Brazos County Health Authority Dr. Seth Sullivan says if you are feeling COVID-like symptoms, or have recently been around someone who tested positive for COVID-19, it is important to get yourself tested. How that is done, however, can differ.
This week, multiple viewers reached out to KBTX with concerns over the lack of free available testing in Bryan and College Station.
Roans Prairie resident Deborah Townsend says she made a testing appointment online Monday evening for Tuesday morning. She says she drove 30 miles to The Lincoln Center in College Station, and all she saw was a sign saying testing was closed until further notice.
KBTX reached out to Curative to ask what happened. They sent the following statement:
“Curative currently offers testing to the public at St. Theresa church in College Station, TX, with several hundred available appointments for COVID-19 PCR testing today and over 800 tomorrow and can be scheduled through curative.com. Over the past 7 days, the site has collected approximately 2,000 samples. Testing is available to anyone who needs a test, with or without health insurance, and tests are collected through a simple-to-use shallow nasal sample collection method.

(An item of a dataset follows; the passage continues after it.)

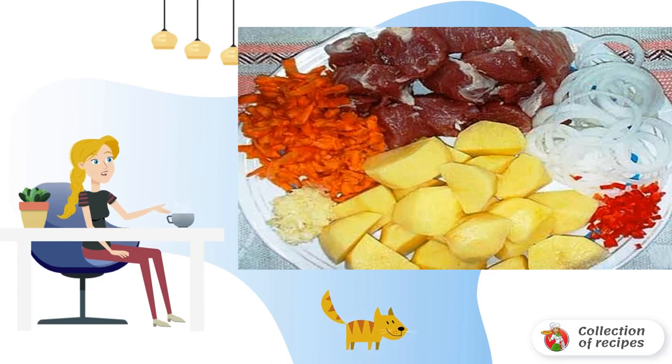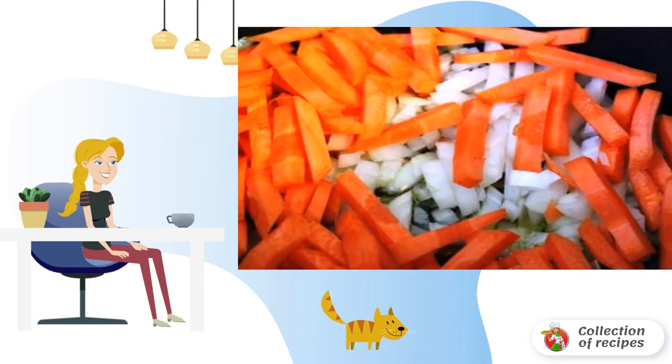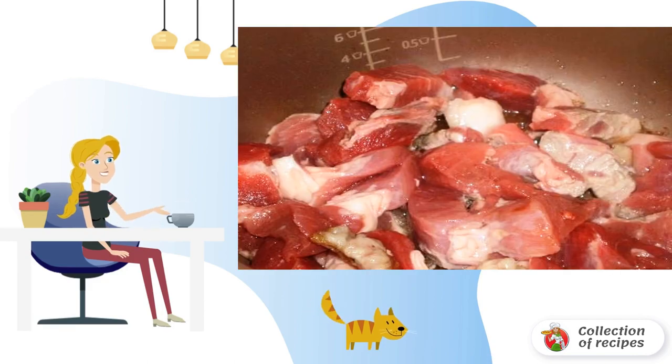Cut the potatoes into pieces, the onion into half rings, grate the carrots or cut them into strips, wash the meat and cut it into small pieces. Also chop the tomatoes and chop the garlic.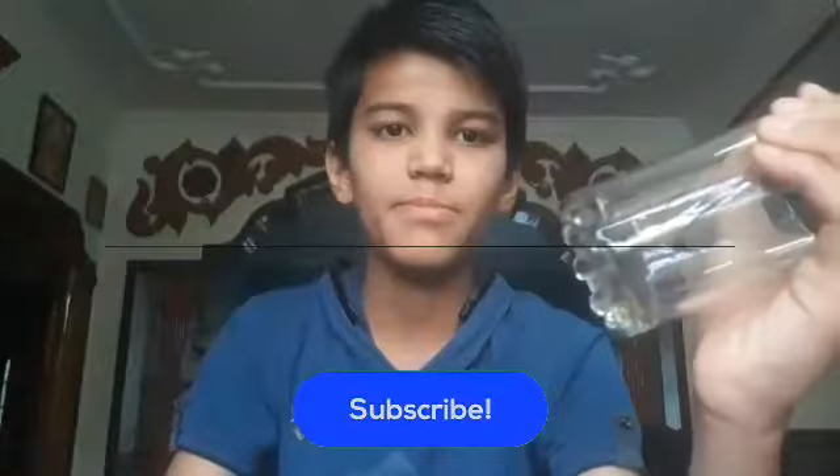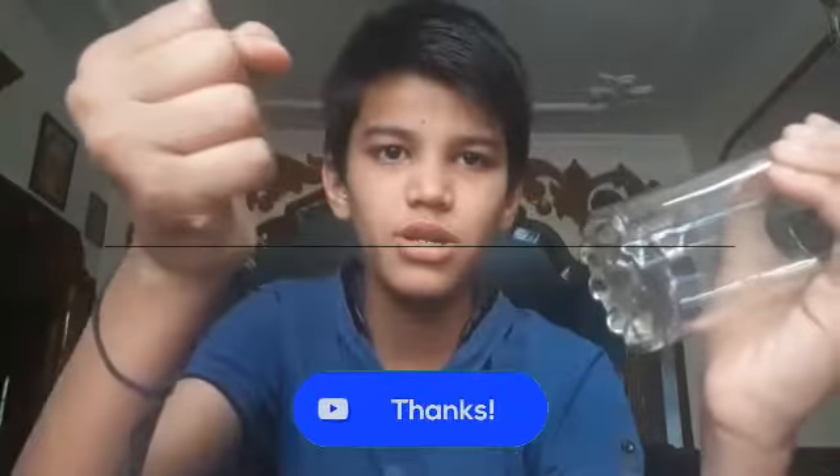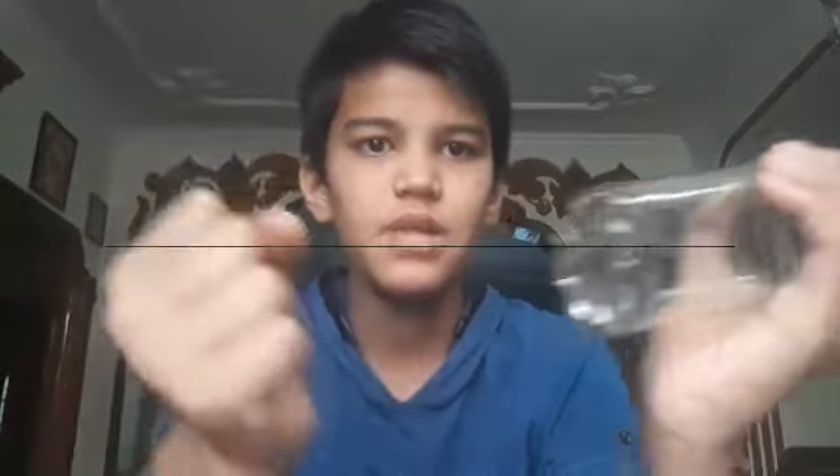Now let's see the trick behind this magic. The trick is you should take a glass and two coins. One coin you should balance with this hand while you catch the glass with this hand. One more coin you should hold in the other hand, and slowly you should throw from this hand and release this coin into the glass. This is the trick.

On August 23, due to staffing changes, Curative temporarily closed a public testing site at Central Station and re-directed patients to the St. Theresa church location. The Curative team intends to re-open the Central Station testing location to the public in mid-September.”
While some of these testing sites are closed, other options include at-home tests, urgent care clinics, or medical facilities.
With at-home tests, Dr. Sullivan says you have to be careful with how you interpret the results.
“The at-home test is an antigen test. We talk about the difference between antigen test and PCR’s, and the antigen test is pretty good if it’s positive,” said Sullivan. “If it’s positive, you should feel pretty good that that indeed is COVID-19. The test does have limitations because the sensitivity or the instability, so a negative does not give you a lot of reassurance if you have symptoms that are compatible with COVID-19 and you test but it’s negative. The recommendation is either to get a PCR test, which will be administered at an urgent care or emergency room clinic.”